The volunteers have a public service spirit; some have worked as teachers, others as federal employees. The group includes, for example, Howard Solomon, former executive director of the Federal Service Impasses Panel, and Jennifer Donaldson, who retired from the National Cancer Institute in 2003 to live in Bar Harbor, but still does some work under contract for NCI. Gormley reports that volunteer hours have been increasing-to 45,308 in 2007.
There's a rich history of giving at Acadia. Volunteers give their time. Many years ago, Rockefeller gave the park 11,000 acres, almost a third of its current acreage. An active summer community contributes time and money to many island causes, including Friends of Acadia, which supports the park. FOA throws an annual auction dinner that raises about $400,000 toward an annual budget of $3 million to $5 million.
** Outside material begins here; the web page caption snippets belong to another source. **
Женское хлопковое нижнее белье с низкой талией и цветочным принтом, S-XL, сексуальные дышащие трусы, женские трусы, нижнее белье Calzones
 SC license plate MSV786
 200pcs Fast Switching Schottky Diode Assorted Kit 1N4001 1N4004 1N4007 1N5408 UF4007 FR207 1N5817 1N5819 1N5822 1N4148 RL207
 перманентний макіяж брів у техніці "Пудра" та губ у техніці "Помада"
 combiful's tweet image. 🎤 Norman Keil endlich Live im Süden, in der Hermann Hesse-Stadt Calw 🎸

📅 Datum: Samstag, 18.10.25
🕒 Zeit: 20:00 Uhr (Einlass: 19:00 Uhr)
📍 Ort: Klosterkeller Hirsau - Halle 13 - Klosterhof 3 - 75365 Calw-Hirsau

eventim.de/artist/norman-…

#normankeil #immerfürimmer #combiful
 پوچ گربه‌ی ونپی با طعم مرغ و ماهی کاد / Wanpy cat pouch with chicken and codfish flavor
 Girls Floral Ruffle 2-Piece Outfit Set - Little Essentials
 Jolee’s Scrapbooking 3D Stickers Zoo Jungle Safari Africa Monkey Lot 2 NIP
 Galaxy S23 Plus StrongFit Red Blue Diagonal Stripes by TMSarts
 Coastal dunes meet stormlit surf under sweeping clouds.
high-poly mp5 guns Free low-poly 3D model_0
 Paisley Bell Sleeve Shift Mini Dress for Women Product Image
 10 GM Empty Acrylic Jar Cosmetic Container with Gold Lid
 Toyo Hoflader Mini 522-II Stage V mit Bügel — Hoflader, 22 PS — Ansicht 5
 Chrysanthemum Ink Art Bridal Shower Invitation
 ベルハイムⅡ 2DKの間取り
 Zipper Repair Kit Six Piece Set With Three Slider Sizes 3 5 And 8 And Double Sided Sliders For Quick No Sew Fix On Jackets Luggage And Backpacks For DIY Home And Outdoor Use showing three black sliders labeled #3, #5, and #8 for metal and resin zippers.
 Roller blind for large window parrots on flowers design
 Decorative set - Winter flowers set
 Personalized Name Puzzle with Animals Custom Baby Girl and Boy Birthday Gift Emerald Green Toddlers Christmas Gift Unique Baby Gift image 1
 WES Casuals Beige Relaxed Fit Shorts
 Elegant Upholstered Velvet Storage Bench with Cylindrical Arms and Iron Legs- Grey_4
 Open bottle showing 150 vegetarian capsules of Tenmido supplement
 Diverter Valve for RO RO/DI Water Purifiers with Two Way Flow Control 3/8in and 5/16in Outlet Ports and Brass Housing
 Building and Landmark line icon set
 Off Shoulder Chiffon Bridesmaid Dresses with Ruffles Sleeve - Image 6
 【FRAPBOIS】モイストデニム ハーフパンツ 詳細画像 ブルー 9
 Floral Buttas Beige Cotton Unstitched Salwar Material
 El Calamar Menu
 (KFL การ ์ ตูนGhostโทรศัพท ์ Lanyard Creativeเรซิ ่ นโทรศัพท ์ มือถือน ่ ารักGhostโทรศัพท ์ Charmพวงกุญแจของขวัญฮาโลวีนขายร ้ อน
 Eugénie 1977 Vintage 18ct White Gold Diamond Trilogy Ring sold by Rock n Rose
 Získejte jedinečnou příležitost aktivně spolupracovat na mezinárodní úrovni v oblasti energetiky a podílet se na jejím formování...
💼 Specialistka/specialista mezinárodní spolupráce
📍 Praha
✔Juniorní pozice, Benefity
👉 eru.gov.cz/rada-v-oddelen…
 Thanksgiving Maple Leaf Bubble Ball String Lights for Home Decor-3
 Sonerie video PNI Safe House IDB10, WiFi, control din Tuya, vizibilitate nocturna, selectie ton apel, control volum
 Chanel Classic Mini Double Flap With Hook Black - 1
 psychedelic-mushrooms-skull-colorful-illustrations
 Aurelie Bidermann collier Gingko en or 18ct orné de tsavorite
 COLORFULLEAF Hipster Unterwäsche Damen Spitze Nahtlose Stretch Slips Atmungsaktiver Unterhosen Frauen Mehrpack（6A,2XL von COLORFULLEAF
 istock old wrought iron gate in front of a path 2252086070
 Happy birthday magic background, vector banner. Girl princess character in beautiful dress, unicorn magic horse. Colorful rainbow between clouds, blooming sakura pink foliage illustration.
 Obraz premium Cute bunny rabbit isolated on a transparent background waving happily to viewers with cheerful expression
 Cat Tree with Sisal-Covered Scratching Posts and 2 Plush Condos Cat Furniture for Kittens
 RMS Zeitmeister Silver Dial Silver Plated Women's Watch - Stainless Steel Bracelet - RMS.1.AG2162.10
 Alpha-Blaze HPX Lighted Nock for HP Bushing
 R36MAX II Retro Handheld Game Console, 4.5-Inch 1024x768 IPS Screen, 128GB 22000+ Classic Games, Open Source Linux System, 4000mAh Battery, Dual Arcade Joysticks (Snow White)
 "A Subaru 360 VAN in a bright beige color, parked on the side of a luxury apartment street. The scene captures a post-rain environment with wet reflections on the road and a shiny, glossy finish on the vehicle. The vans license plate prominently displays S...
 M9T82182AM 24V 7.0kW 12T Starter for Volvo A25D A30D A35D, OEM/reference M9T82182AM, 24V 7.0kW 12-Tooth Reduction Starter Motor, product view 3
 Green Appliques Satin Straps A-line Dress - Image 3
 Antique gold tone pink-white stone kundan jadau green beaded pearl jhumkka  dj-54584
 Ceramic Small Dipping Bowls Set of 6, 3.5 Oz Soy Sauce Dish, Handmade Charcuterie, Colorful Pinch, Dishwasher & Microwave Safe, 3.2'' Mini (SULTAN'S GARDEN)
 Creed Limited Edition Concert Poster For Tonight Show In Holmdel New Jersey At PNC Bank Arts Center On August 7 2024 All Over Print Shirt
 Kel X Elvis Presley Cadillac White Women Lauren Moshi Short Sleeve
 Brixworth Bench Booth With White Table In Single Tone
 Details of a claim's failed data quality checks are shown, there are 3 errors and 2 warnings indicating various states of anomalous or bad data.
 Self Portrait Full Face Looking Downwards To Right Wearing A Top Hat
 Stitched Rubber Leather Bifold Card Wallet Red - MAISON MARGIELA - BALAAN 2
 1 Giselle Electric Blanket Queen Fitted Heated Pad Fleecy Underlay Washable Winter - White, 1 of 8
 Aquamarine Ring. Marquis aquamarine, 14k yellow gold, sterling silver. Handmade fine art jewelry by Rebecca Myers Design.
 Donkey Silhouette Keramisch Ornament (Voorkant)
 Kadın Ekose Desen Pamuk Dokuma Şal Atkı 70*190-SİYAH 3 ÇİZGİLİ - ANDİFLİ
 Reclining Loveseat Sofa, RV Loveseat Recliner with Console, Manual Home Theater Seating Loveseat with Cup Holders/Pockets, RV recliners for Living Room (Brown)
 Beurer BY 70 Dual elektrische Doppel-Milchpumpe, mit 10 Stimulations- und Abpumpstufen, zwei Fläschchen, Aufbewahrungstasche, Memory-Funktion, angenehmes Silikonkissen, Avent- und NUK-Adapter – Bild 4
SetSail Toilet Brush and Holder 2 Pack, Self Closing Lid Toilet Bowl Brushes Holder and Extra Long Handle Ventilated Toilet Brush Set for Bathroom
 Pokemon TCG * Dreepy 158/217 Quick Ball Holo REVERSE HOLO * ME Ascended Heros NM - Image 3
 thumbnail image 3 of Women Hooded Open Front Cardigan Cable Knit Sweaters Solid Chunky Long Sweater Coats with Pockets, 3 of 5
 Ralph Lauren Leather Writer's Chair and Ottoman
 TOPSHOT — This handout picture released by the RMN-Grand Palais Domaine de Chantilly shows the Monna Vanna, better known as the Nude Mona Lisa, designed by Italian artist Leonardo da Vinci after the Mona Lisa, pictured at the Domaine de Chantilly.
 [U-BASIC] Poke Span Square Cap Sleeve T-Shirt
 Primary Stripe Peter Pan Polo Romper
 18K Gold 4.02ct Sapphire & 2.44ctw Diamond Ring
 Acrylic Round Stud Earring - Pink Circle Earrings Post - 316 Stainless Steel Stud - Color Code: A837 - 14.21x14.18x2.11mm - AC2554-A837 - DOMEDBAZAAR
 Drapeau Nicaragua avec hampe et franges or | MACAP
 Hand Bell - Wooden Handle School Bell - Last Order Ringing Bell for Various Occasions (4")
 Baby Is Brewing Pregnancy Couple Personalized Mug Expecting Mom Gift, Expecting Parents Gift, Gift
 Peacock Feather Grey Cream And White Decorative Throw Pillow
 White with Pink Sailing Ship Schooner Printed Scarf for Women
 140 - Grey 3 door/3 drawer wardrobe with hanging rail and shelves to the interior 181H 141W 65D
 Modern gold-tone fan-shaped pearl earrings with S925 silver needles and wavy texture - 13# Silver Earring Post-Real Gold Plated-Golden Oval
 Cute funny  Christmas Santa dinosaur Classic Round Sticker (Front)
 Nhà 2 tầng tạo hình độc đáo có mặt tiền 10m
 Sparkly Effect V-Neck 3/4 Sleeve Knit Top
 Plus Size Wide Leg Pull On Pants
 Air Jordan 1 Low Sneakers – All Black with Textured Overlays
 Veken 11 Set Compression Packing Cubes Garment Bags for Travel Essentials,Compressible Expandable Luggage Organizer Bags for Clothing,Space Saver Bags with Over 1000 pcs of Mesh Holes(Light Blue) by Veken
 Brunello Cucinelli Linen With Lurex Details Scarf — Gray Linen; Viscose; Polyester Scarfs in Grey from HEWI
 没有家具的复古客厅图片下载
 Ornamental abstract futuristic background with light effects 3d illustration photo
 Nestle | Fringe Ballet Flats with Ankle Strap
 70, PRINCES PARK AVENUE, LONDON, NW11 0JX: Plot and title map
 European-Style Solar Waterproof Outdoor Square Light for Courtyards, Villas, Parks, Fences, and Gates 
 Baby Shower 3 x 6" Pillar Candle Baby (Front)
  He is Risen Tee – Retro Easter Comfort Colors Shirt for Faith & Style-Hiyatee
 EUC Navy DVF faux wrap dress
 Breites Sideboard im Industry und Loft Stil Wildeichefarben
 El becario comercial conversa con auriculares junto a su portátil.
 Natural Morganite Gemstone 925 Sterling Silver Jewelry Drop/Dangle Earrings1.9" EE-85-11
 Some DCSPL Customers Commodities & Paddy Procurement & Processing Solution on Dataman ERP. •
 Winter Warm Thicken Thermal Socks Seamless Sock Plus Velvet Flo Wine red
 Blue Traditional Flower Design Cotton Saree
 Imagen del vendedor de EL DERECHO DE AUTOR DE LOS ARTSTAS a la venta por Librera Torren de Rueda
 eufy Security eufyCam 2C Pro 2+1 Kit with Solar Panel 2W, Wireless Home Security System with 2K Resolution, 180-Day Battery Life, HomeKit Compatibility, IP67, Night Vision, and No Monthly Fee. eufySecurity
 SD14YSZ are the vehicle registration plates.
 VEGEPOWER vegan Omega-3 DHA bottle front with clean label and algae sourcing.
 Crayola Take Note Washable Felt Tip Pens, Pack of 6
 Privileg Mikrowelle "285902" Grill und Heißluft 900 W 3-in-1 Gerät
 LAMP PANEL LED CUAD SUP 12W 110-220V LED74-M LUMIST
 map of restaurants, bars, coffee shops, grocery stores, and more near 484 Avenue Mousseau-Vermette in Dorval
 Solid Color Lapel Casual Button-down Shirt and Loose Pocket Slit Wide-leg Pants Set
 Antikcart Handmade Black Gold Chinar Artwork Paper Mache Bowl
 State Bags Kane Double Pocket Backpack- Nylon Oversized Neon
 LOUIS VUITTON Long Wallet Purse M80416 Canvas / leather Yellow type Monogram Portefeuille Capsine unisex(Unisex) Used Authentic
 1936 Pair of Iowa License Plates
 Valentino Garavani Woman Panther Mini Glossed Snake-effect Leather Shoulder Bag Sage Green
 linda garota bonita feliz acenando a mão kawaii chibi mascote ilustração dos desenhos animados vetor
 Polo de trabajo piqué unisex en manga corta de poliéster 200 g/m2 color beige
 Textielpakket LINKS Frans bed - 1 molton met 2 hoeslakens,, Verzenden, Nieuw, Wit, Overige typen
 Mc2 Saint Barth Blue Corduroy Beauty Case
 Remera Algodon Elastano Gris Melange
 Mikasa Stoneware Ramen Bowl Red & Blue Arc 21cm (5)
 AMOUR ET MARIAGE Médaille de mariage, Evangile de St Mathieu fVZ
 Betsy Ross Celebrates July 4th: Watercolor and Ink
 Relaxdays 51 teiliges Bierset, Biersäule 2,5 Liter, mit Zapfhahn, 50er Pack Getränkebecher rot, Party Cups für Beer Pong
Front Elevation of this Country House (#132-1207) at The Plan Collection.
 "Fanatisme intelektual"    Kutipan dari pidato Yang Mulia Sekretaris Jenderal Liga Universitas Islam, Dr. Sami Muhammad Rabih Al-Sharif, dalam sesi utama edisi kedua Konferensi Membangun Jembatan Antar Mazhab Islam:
There's a lot of wealth among summer residents: FOA this summer raised $1.75 million in just two weeks to protect an important site on Acadia Mountain from the developer's axe. Marla O'Byrne, the full-time president of FOA, notes that her organization, unlike most other parks' friends groups, maintains a tax status that allows it to lobby Congress. This brand of advocacy has helped the park, whose own employees are not allowed to engage in lobbying activity.
Steele worries that kids aren't getting enough exposure to the outdoors, and he's organized an outreach effort to interest students throughout Maine in learning about the park. One day, on a bicycle tour of Acadia's Schoodic Peninsula section, across Frenchman's Bay from Mt. Desert Island, I ran into a ranger, Kate Petrie, who is training a group of public school teachers in preparation for visits by their students to the education center that's arisen among the buildings ceded to the Park Service by the Navy a few years back. It's a great setting, with great views, day and night, in which to get a taste for biology, geology and astronomy.